**INFORMATION GIVEN:**
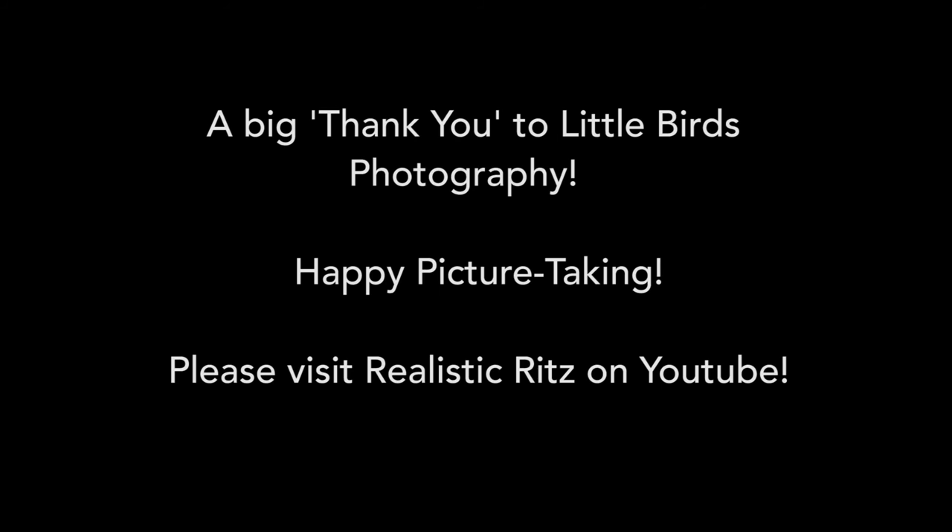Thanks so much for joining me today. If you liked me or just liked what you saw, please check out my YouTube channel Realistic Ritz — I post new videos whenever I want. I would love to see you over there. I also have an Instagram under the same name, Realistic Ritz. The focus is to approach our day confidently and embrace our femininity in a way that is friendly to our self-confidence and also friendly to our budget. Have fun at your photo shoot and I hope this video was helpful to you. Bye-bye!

==

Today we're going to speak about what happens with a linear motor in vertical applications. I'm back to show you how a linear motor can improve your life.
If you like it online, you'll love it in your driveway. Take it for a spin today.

**WORK ITEM:** Print exactly the lines above, between the one holding "Today we're going" and the one holding "If you like it", inclusive, and nothing besides.

**ANSWER BOX:**
Today we're going to speak about what happens with a linear motor in vertical applications. I'm back to show you how a linear motor can improve your life.
If you like it online, you'll love it in your driveway. Take it for a spin today.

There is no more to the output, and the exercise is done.